I'm going to try to clear up your confusions, as you are not the only one with them.
What is a number?
Surprisingly, you can go through a full mathematics education and not once encounter a definition of "number". What you define is "Set" and "element of a set". These things are defined axiomatically by ZFC (there are alternatives though)
Some sets have common names, for example the natural numbers ($\mathbb{N}$), the real numbers ($\mathbb{R}$), the complex numbers ($\mathbb{C}$), hyperreal numbers ($*\mathbb{R}$), etc. Any element of such a set is commonly called a number. This is not a mathematical definition, just a common name.
However, the set of real numbers is well defined and thus so is the term "real number" (an element of that set). The same is true for the other examples I gave.
What is a relation?
Once we have sets, we put structures on them, extra information about the sets. Order relations are an example of such structure, and so is an operation like addition, or a concept of distance like a metric.

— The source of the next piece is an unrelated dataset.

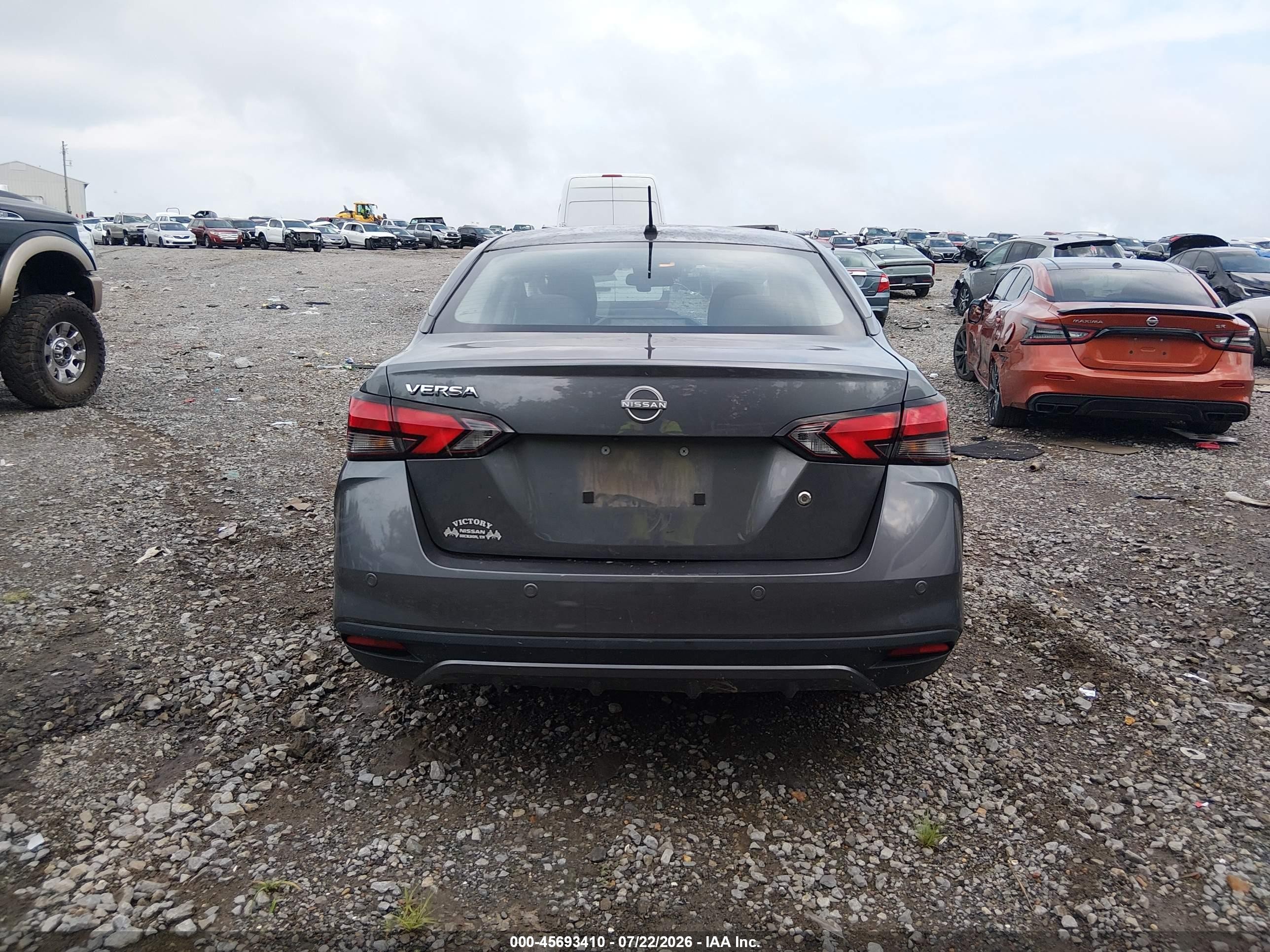 2023 Nissan Versa 1.6 S Xtronic Cvt Gray vin: 3N1CN8DVXPL869403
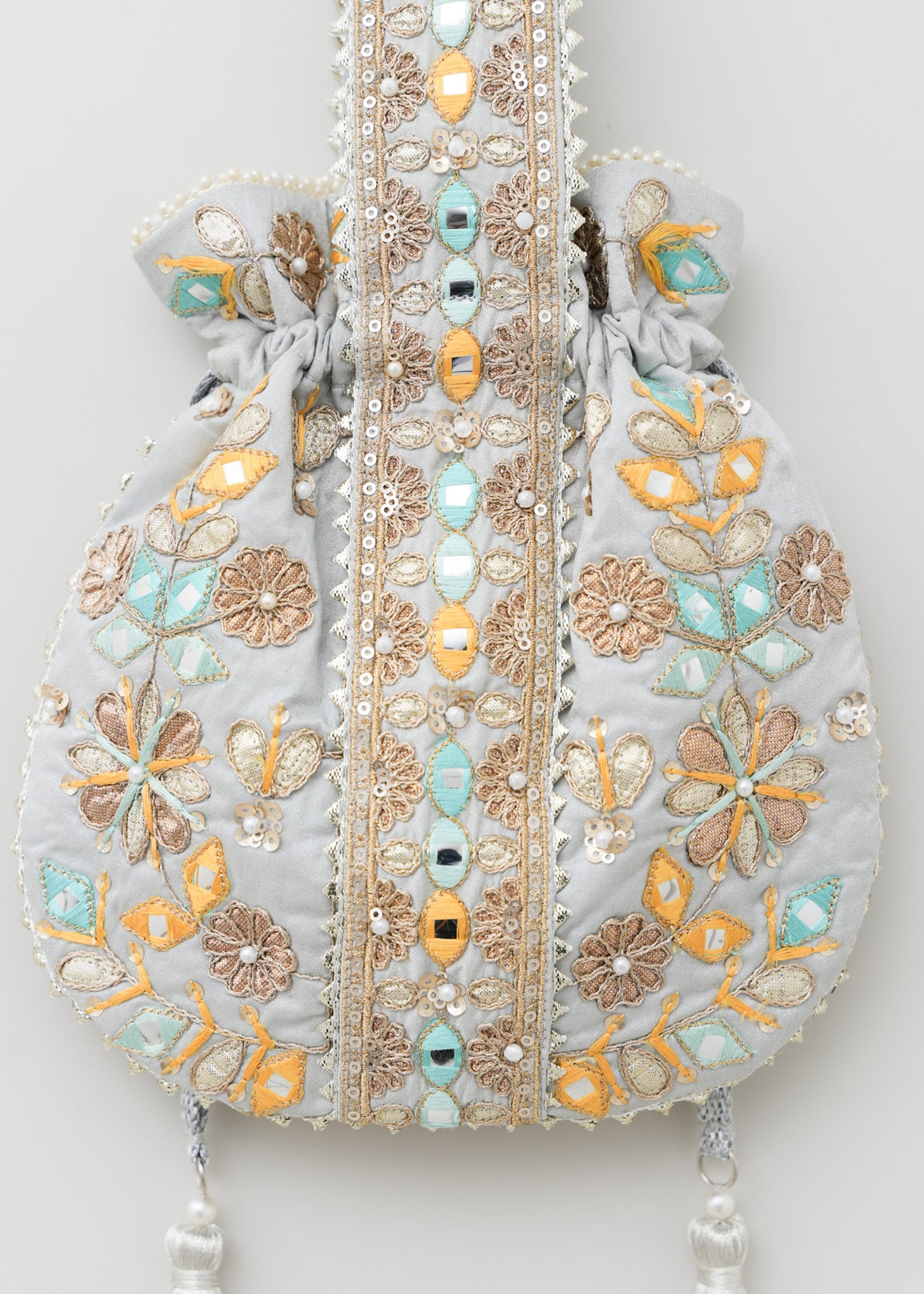 Embroidery Drawstring One Handle Bag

The general definition of a relation can be found here, and as you can see, the idea is the following. If I want to define a relation $R$ on a set $S$, I just have to say which elements of $S$ are in relation with each other, so for each pair $(a,b)$ I choose whether or not the are in relation with each other. If yes, we say $(a,b)\in R$, otherwise we say $(a,b)\notin R$. So in other words, a relation on $S$ is just a subset of $S \times S$
A special case of this concept is a partial order relation. Here we put extra demands on this relation. We demand 3 properties:
- $\forall a \in $S$: (a,a) \in R$
- $(a,b)\in R \text{ and } (b,a)\in R \implies a = b$
- $(a,b)\in R \text{ and } (b,c)\in R \implies (a,c)\in R$
Not all relations have these properties, but some do and we call them partial order relations. A set along with a partial order relation on it is called a partially ordered set or poset. We can verify that $\mathbb{R}$ along with "$\leq$" is a poset. It even makes it a toset which we can intuitively think about as a line.
Now for infinity
There are many sets that contain an element that we call infinity, but I will look at just one example: the extended real numbers $\bar{\mathbb{R}}$. What is this thing?
Well we start with the set $\mathbb{R}$ and another set with 2 elements that aren't in $\mathbb{R}$. These elements have no special role yet, but we will call them $\infty$ and $-\infty$. Now we define the set $\bar{\mathbb{R}}$ to be:
$$\bar{\mathbb{R}} = \mathbb{R}\cup \{\infty,-\infty\}$$
Now we put on this set a relation "$\leq^*$". We say that $(a,b)\in \bar{\mathbb{R}}\times \bar{\mathbb{R}}$ is in the relation "$\leq^*$" if and only if:
$$(a,b\in\mathbb{R}\text{ and } a\leq b)\text{ or } a = -\infty \text{ or } b = \infty$$
We can again verify that this makes $\bar{\mathbb{R}}$ along with the relation "$\leq^*$" a poset. (again even a toset)
The answer to the question
$\infty$ is not a real number as $\infty \notin \mathbb{R}$, but we can call it a number because it is an element of the extended real numbers $\bar{\mathbb{R}}$.
We can't say it is bigger then any real number using "$\leq$", but we can say that it is bigger than any real number using "$\leq^*$".
So in the end it all boils down to definitions. You might object and say that the concept of infinity already existed before these definitions, and you are right. These definitions just form a mathematical model for it, so that we can be precise about it, so that we know we are all talking about the same thing, and so that we can answer questions about it with certainty.